**Assigned task:** Print again, word for word, all of the records below, and leave the pictures out.

**Source records:**
┄┄┄┄┄┄

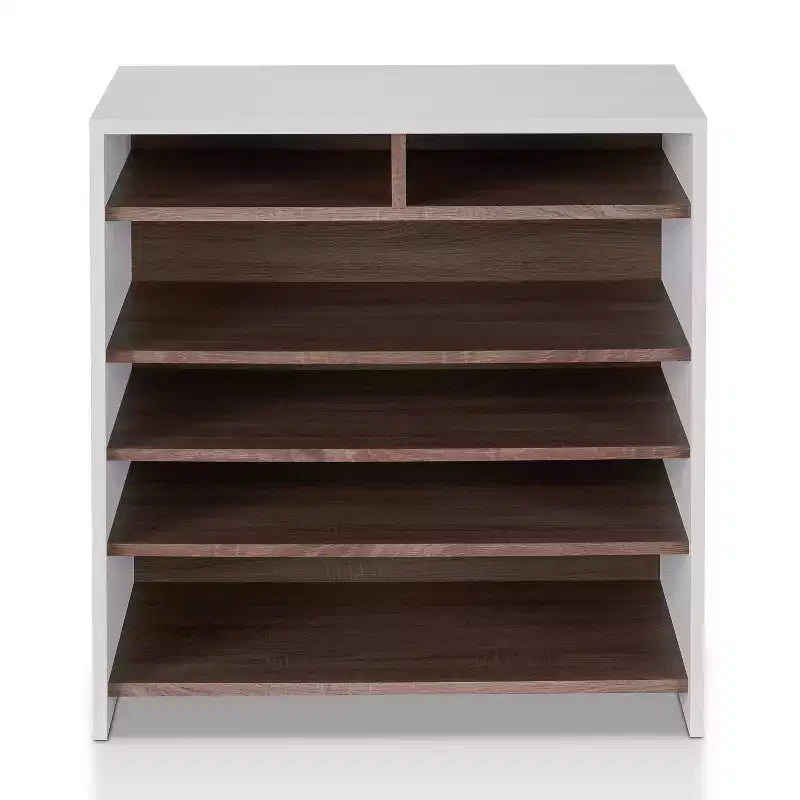 RANGEMENT : Intérieur + Extérieur Meuble à chaussures contemporain Farrar Brun Châtaigne/Blanc : Placage en bois MDF, rangement 16 paires, étagères réglables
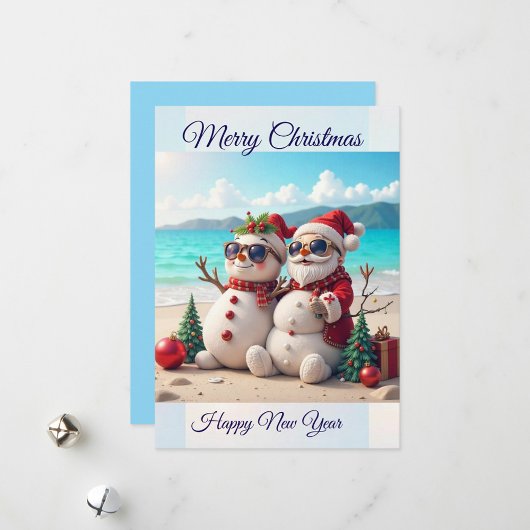 Cartes Pour Fêtes Annuelles Joyeuse plage de Noël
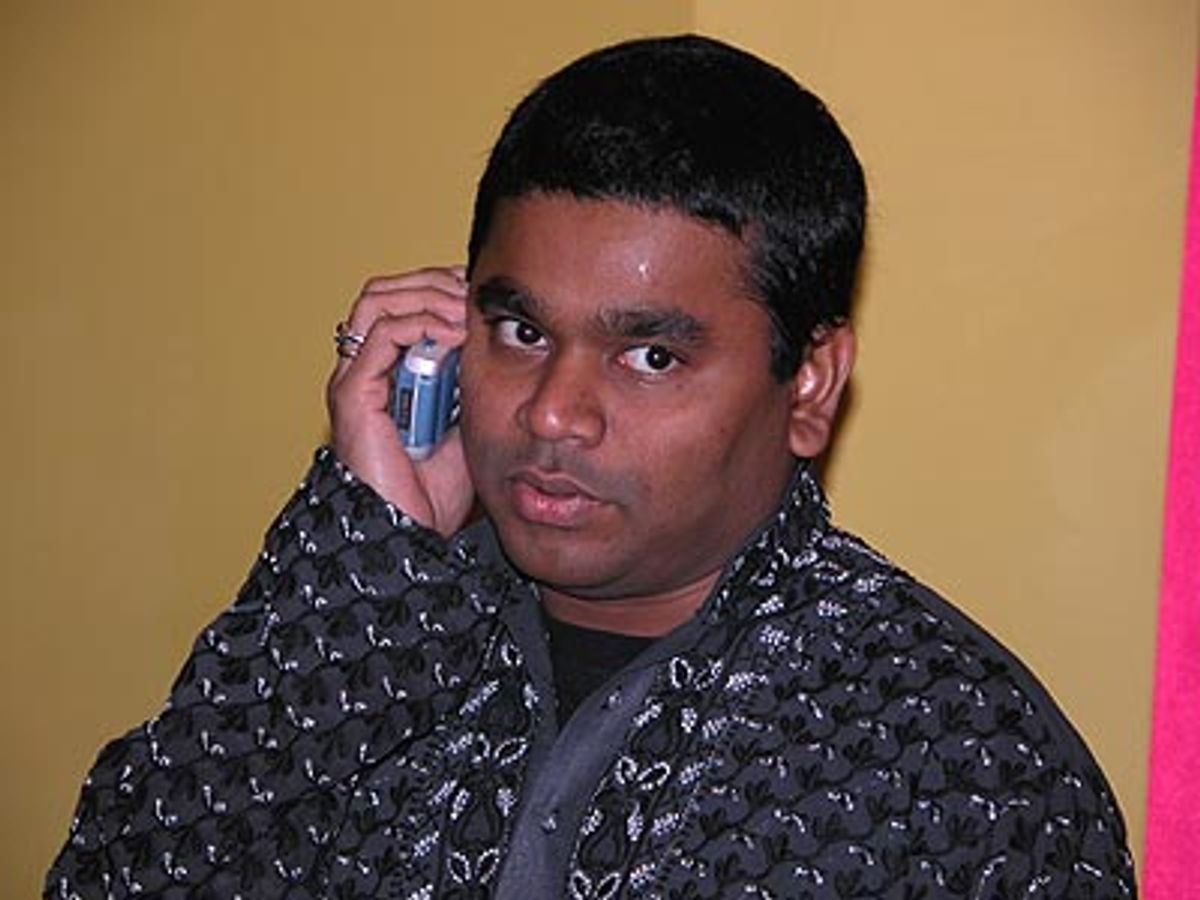 A R Rahman takes a call from a well-wisher at Opening Night at Bombay Dreams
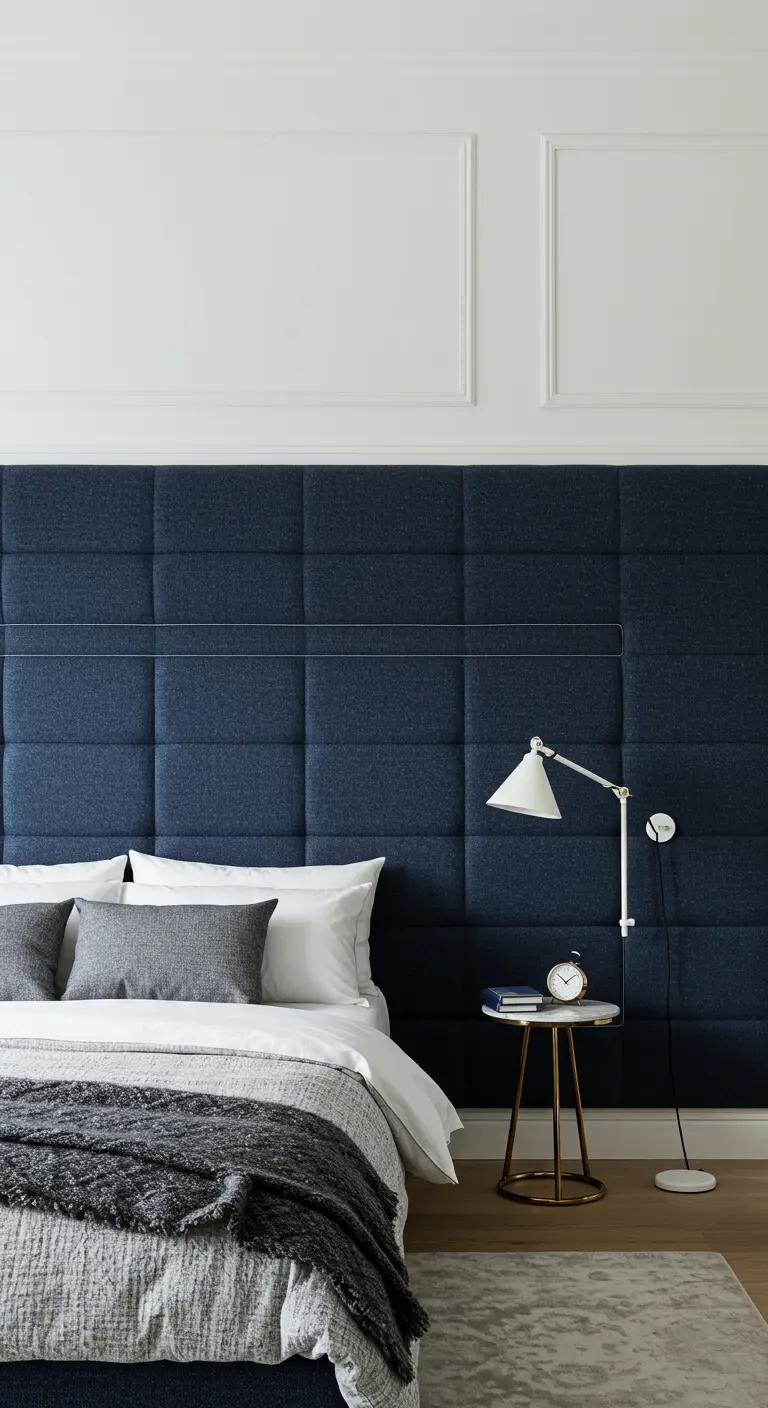 Pared detrás de la cama completamente cubierta con paneles tapizados en tela azul oscuro.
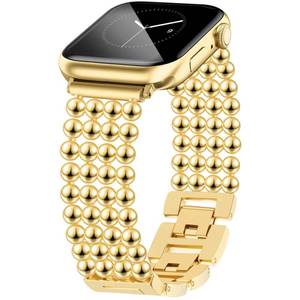 lot 4147 image: JR.DM Beaded Bracelet Gold Band Women Compatible with Apple Watch 38mm 40mm 41mm 42mm��S1110��, Adjustable Metal Replacement Strap, Fashion Dressy Wristband for Iwatch SE Series 1110987654321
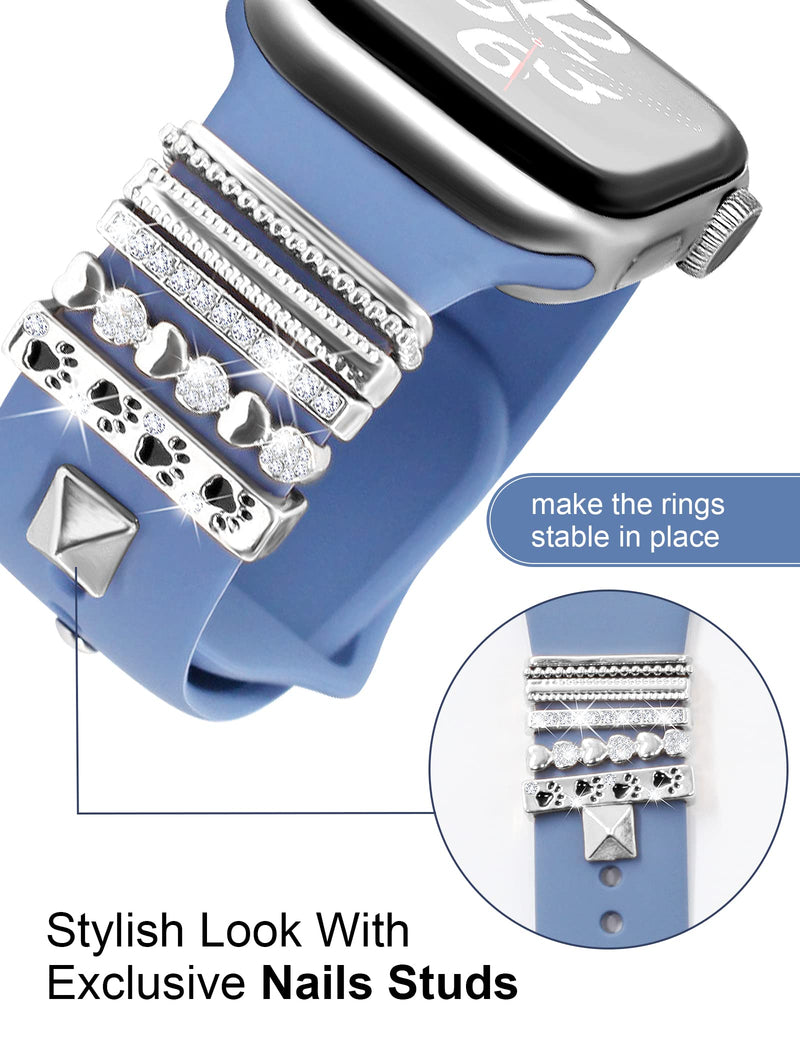 JR.DM 13 Piece Silver Apple Watch Charms With 10-Pcs Decorative Rings Loops & 3-Pcs Classic Clasp, Compatible With Smart Watch 38mm 40mm 41mm 42mm 44mm 45mm Metal Diamond Sliding Strap Accessories for iWatch Series 8 7 6 5 4 3 2 1 (No Watch Band)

┄┄┄┄┄┄

**Worked solution:**
 RANGEMENT : Intérieur + Extérieur Meuble à chaussures contemporain Farrar Brun Châtaigne/Blanc : Placage en bois MDF, rangement 16 paires, étagères réglables
 Cartes Pour Fêtes Annuelles Joyeuse plage de Noël
 A R Rahman takes a call from a well-wisher at Opening Night at Bombay Dreams
 Pared detrás de la cama completamente cubierta con paneles tapizados en tela azul oscuro.
 lot 4147 image: JR.DM Beaded Bracelet Gold Band Women Compatible with Apple Watch 38mm 40mm 41mm 42mm��S1110��, Adjustable Metal Replacement Strap, Fashion Dressy Wristband for Iwatch SE Series 1110987654321
 JR.DM 13 Piece Silver Apple Watch Charms With 10-Pcs Decorative Rings Loops & 3-Pcs Classic Clasp, Compatible With Smart Watch 38mm 40mm 41mm 42mm 44mm 45mm Metal Diamond Sliding Strap Accessories for iWatch Series 8 7 6 5 4 3 2 1 (No Watch Band)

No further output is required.